# Ceramic Tile Artists in Portugal



## elis_kenn (Jul 21, 2013)

Hello! Does anyone know of any tile artists in Portugal? I am very interested in acquiring some authentic azulejos for my home but do not know where to start. I am willing to travel pretty much anywhere in the county. Any insight would be appreciated!

Thanks so much!


----------



## canoeman (Mar 3, 2011)

Keep your eye open for Pottery, Ceramic shops as opposed to places that just sell wall or floor tiles, the chances are if they sell "ceramic pictures" then they also can order personalized "pictures, name plate etc" or more put you in direct contact for specific commissions 

Can't help for Lisbon I'm afraid but I'd be very surprised if there weren't ceramic artists around that didn't take commissions, as variety I'd often use the A1 the old main North-South road when driving to Lisbon, appox opposite to Leira there are numerous roadside Pottery and Ceramic shops majority of which have "Ceramic Painter" on tap to accept commissions.
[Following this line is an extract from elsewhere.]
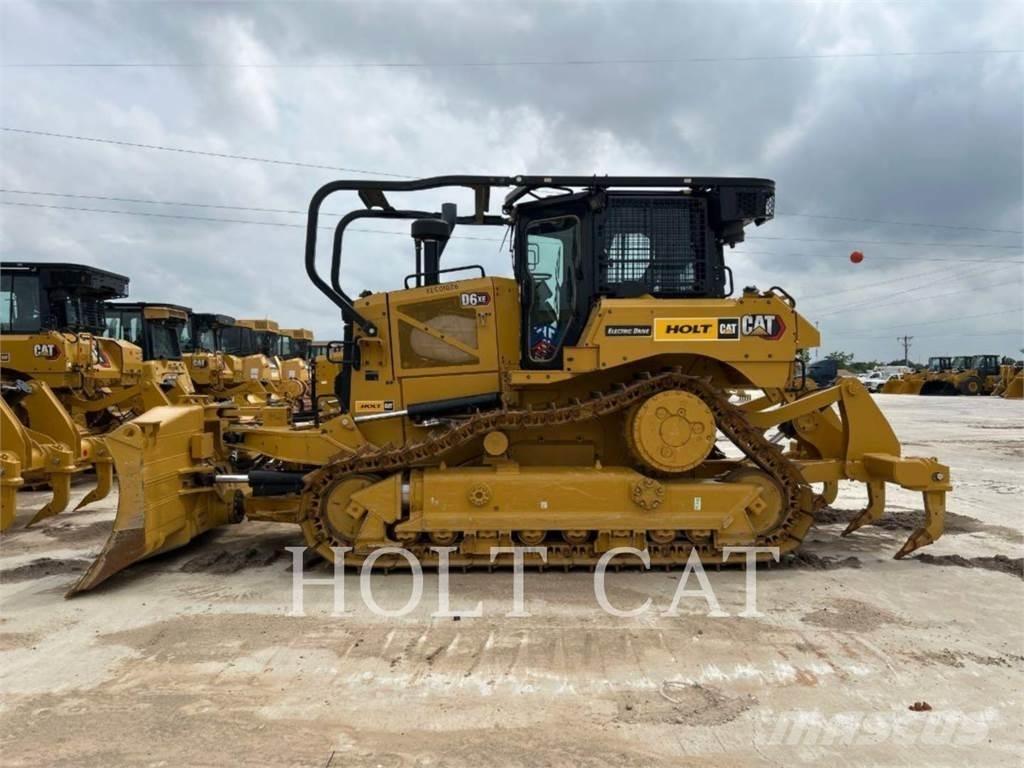 CAT D6 XEVP lánctalpas dózerek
I've had a few commissions done by a lady who lives near Mirando do Corvo *Ana Formigal *(maybe Dennis could help as I know she's moved from the address I have) but she was a graduate of the Escola Soares dos Reis in Porto where a Professional course of Ceramic Decorating is taught so maybe another avenue to explore to find an artist

Good hunting


----------



## anapedrosa (Mar 21, 2011)

There are so many styles, have your thought of which styles appeal to you.
As a reference, the wiki page there are lists of well known artists Azulejo ? Wikipédia, a enciclopédia livre (google translate page helps here)

As an option - I have found that there are schools set up in the name of famous artists, and around the schools showrooms where I can locate the work of local artists.


----------